2. The dimension of the geometric entity (i.e., 1D for a curve, 2D for a surface, 3D for a volume, etc.) determines the dimension of the parameter space. This means that a curve always has one local parameter, a curve two, etc.

3. In many cases, one is faced with so-called immersions, i.e., a spline of lower dimension is embedded into a higher-dimensional space, such as a curve into a 2D space. For this reason, the dimension of the parameter space (defined in \(\pmb{u}\)-coordinates) does not necessarily match the dimension of embedding space, which we will call the global space (defined in \(\mathbf{x}\)-coordinates).

4. The general equation for a spline curve \(\mathbf{S}\) is

\[\mathbf{S} = \sum_{i=1}^n N_i(u) \mathbf{P}\]

Here, \(N\) denotes the basis functions, \(\mathbf{P}\) the coordinates of the control points, and \(n\) the number of basis functions / control points. Geometrically, this means that one selects a certain number of points in the global space (i.e., the control points) and these points are “connected” using the basis functions. Notice that for splines, the basis functions can take on values within the interval \([0,1]\). However, they will usually never reach the value of one. As a consequence, the control points are not interpolated (meaning that the spline does not go through them), but they only guide the spline.
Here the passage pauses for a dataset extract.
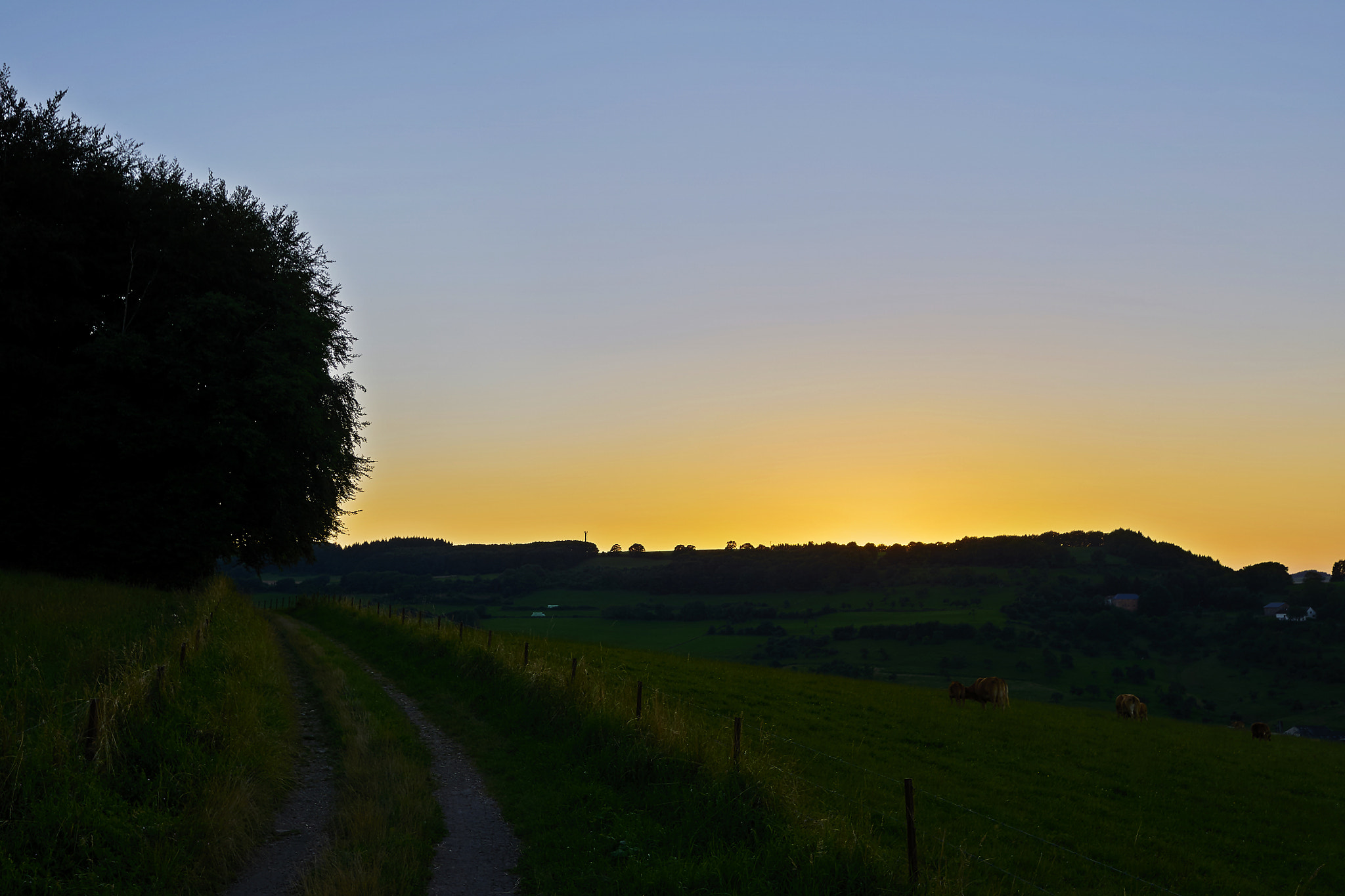 Sony ILCA-77M2 + 10-20mm F3.5 sample photo. Countryside sunset photography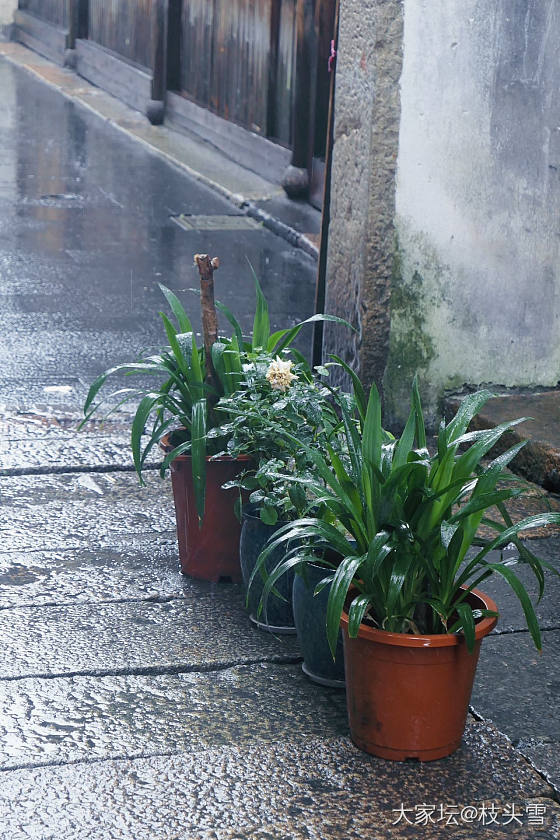 分享一些烟雨江南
1. Higher-dimensional splines are derived from 1D-splines in a tensor-product fashion. This means that the control points are then arranged in structured grids and the basis functions are computed as a product of the univariate basis functions \(N_i(u)\) and \(M_j(\eta)\). Consider the example of a splines surface:

\[\mathbf{S}(u, \eta) = \sum_{i=1}^n \sum_{j=1}^m N_i(u) M_j(\eta) \mathbf{P}\_{i,j}\]

Notice that the structure of \(N_i\) and \(M_j\) is exactly the same. They are simply defined in different coordinate directions.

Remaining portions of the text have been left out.